The pound was quoted lower at 1.3331 dollars at the time of the London equity market close on Monday, compared with 1.3338 dollars on Friday.
The euro stood at 1.1569 dollars, lower compared with 1.1616 dollars. Against the yen, the dollar was trading at 152.30 yen, higher compared with 151.87 yen.
The yield on the US 10-year Treasury was quoted at 4.04%, narrowed from 4.07% on Friday. The yield on the US 30-year Treasury stood at 4.62%, trimmed from 4.66%.
On the FTSE 100, gold miners Fresnillo and Endeavour Mining leapt 9.1% and 11% respectively, as gold’s safe haven qualities saw the price of the yellow metal hit fresh highs.
Gold traded at 4,093.56 dollars an ounce on Monday, up from 4,014.76 dollars on Friday.
Copper miners were also in demand as the price of the metal jumped 6.5%. Glencore jumped 3.3% and Antofagasta 5%.
Elsewhere, M&G, up 3%, benefited from an upgrade from Berenberg to ‘buy’ from ‘neutral’.
The broker thinks the UK life insurance sector will see an acceleration in dividend per share growth in the coming years.
AstraZeneca gave back early gains, closing down 0.7%, despite confirming a “historic” drug pricing agreement with the US.
The agreement, which follows a similar accord announced last month with Pfizer, requires AstraZeneca to charge “Most Favoured Nation” pricing – matching the lowest price offered in other wealthy nations – to Medicaid, the US health insurance programme for low-income Americans.
The company added that specific terms of the agreement remain confidential.
In exchange, Trump administration officials agreed to a three-year delay on new tariffs on AstraZeneca, which had previously announced plans to invest 50 billion dollars in the US in response to looming tariff threats.

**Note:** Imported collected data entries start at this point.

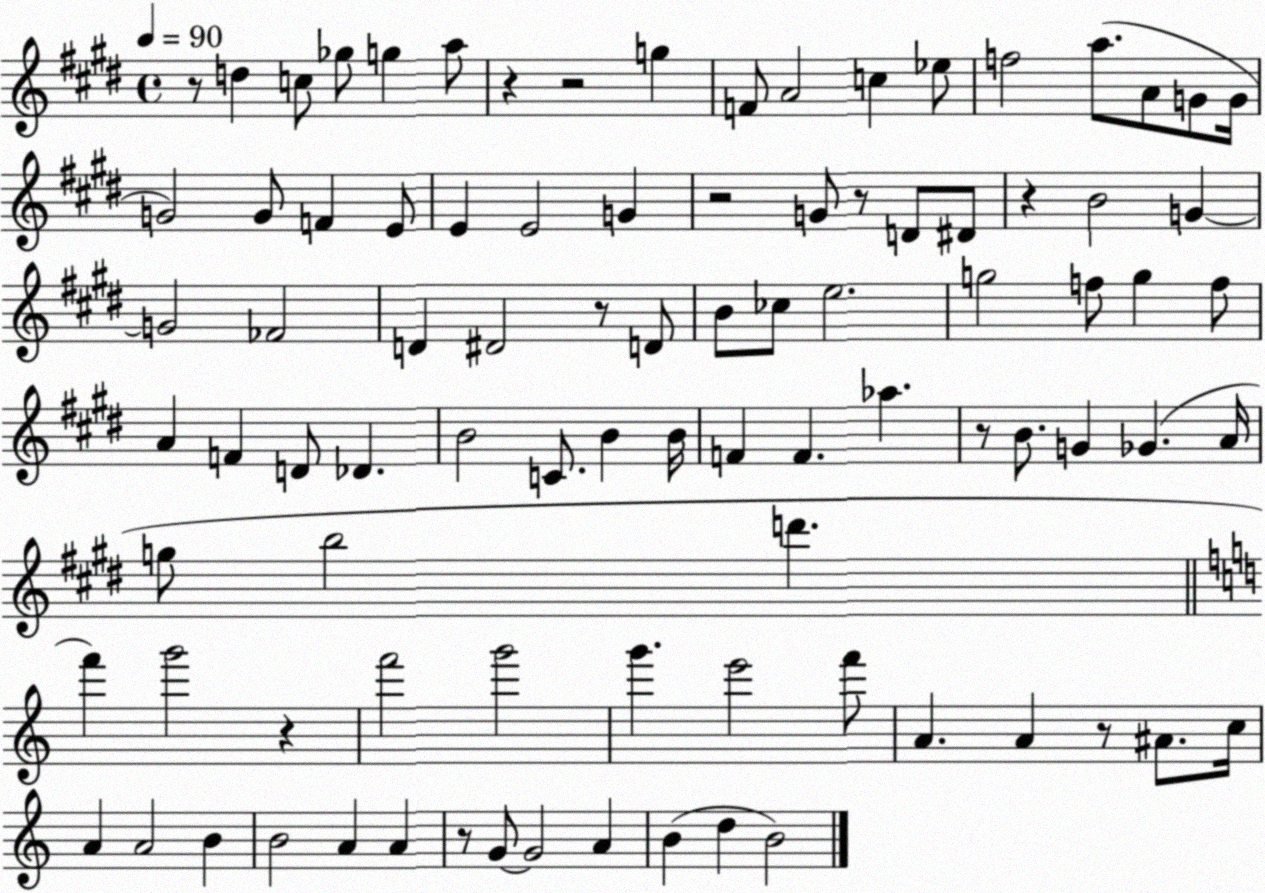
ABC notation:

X:1
T:Untitled
M:4/4
L:1/4
K:E
z/2 d c/2 _g/2 g a/2 z z2 g F/2 A2 c _e/2 f2 a/2 A/2 G/2 G/4 G2 G/2 F E/2 E E2 G z2 G/2 z/2 D/2 ^D/2 z B2 G G2 _F2 D ^D2 z/2 D/2 B/2 _c/2 e2 g2 f/2 g f/2 A F D/2 _D B2 C/2 B B/4 F F _a z/2 B/2 G _G A/4 g/2 b2 d' f' g'2 z f'2 g'2 g' e'2 f'/2 A A z/2 ^A/2 c/4 A A2 B B2 A A z/2 G/2 G2 A B d B2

UBS analyst Matthew Weston said the deal removes uncertainty on Section 232 tariffs.
The agreement is the first with the White House for a non-US drugmaker, with more expected to follow for AstraZeneca’s peers.
On the FTSE 250, Big Yellow Group jumped 15% after Blackstone Europe confirmed it is a potential bidder for the company.

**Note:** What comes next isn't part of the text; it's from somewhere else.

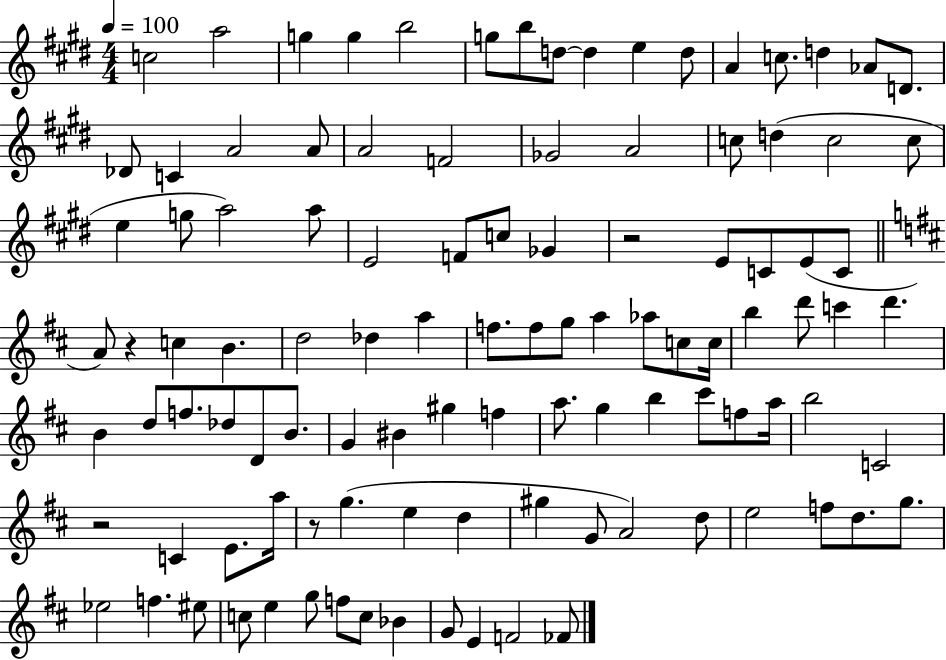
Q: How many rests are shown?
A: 4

Surrey-based self-storage site operator Big Yellow said it has held meetings with “a small number of parties” that could lead to a takeover offer.
Blackstone Europe, part of New York-based private equity investment manager Blackstone, said any offer for Big Yellow would be via one or more investment funds that it advises.
Oxford Instruments said order intake suffered in the first half of its financial year amid tariff disruption, meaning that full-year revenue is likely to be little changed year-on-year.
Chief executive Richard Tyson said the start of the financial year coincided with the beginning of a “turbulent time in our markets”, and despite an “improving picture” in the second quarter, “we are now assuming that we will not recover the [first half] revenue shortfall”.
In response, shares in the provider of high technology products and services to industry and scientific research communities fell 7.6%.
Brent oil traded at 63.40 dollars a barrel on Monday, up from 63.19 dollars late Friday.
The biggest risers on the FTSE 100 were Endeavour Mining, up 348.00 pence at 3,436.00p, Fresnillo, up 216.00p at 2,592.00p, Antofagasta, up 134.00p at 2,827.00p, Anglo American, up 119.00p at 2,999.00p and Glencore, up 11.40p at 357.25p.
The biggest fallers on the FTSE 100 were BAE Systems, down 31.00p at 1,951.50p, Intertek, down 74.00p at 4,812.00p, British American Tobacco, down 57.00p at 3,788.00p, Babcock International, down 18.00p at 1,211.00p and Burberry, down 17.00p at 1,182.50p.
Tuesday’s global economic diary has UK unemployment and average earnings data.
Tuesday’s UK corporate calendar has full-year results from housebuilder Bellway and a trading statement from miner Rio Tinto.